→ Data below:
· · · · · · ·

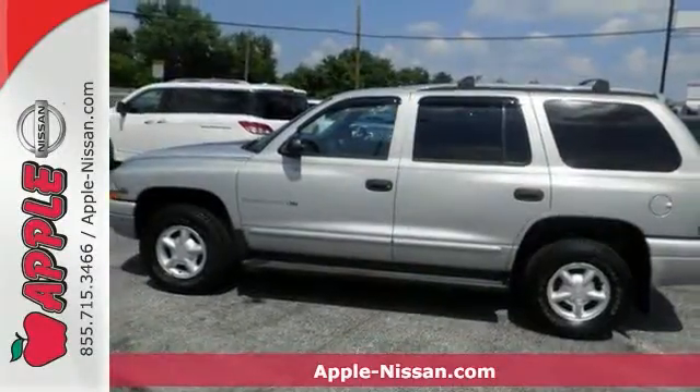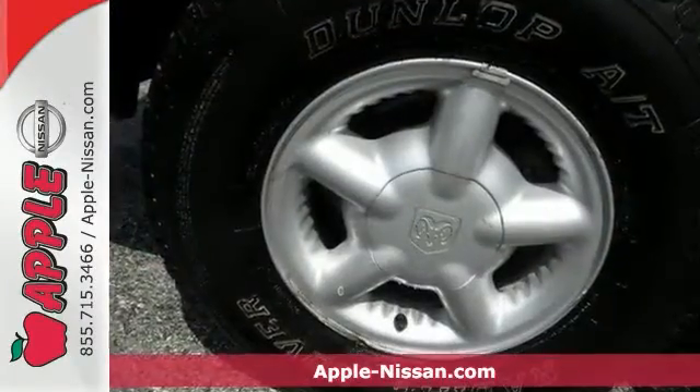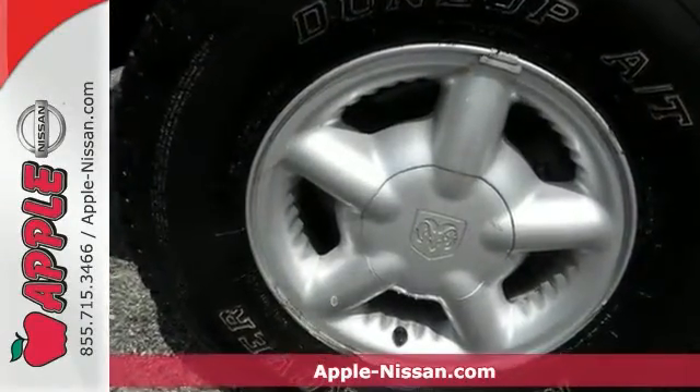Are you still driving around that old thing? Well, come on down today and get into this beautiful 2000 Dodge Durango SLT. Lots of life still left in this outstanding Dodge.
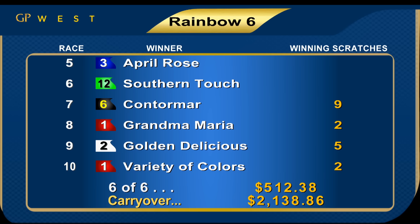Multiple winners in the Rainbow Six sequence this afternoon — the 20-cent return $512.38, figures a Saturday carryover of $2,138.86. Well, that wraps up the Friday program from Gulfstream Park West. Join us again tomorrow — Breeders' Cup Saturday begins at 12 noon with 10 races on the program. If you are planning on joining us locally, we advise you to do so at Gulfstream Park, where you'll be able to watch, wager, and win on all the action from Santa Anita Park. Here we'll be able to offer you the live racing card, beginning at 12 noon, 10 races on the card. We thank you for joining us here this evening. We hope you enjoyed your time with us. Good night from Gulfstream Park West.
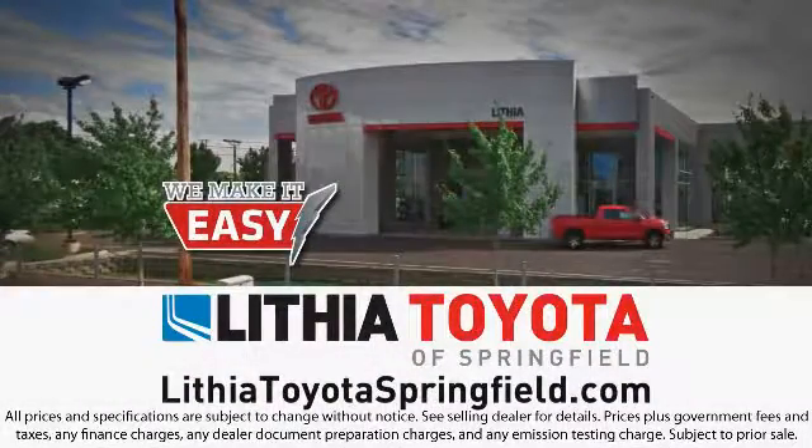Come visit us at 163 South 9th Street at A Street in downtown Springfield, and remember — easy begins with us.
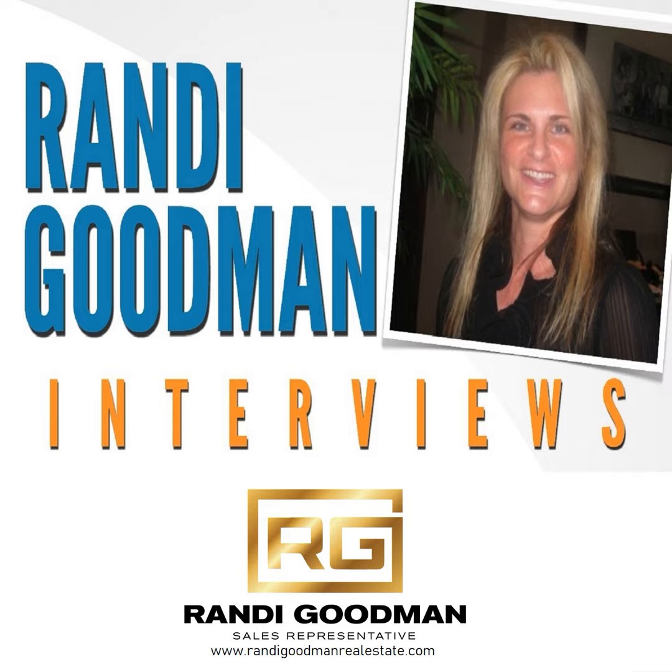Welcome to Park Bench Interviews, hosted by Randy Goodman, Harvey Callis Real Estate, your real estate professional. Get to know our community, our businesses, products, and services that will elevate your life. Please welcome your hostess, Randy Goodman.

· · · · · · ·

→ Task requirements: The lines from the one with "Come visit us" to the end of the data above should be retyped exactly, both ends included, and pictures are to be left out.

→ Task output:
Come visit us at 163 South 9th Street at A Street in downtown Springfield, and remember — easy begins with us.
Welcome to Park Bench Interviews, hosted by Randy Goodman, Harvey Callis Real Estate, your real estate professional. Get to know our community, our businesses, products, and services that will elevate your life. Please welcome your hostess, Randy Goodman.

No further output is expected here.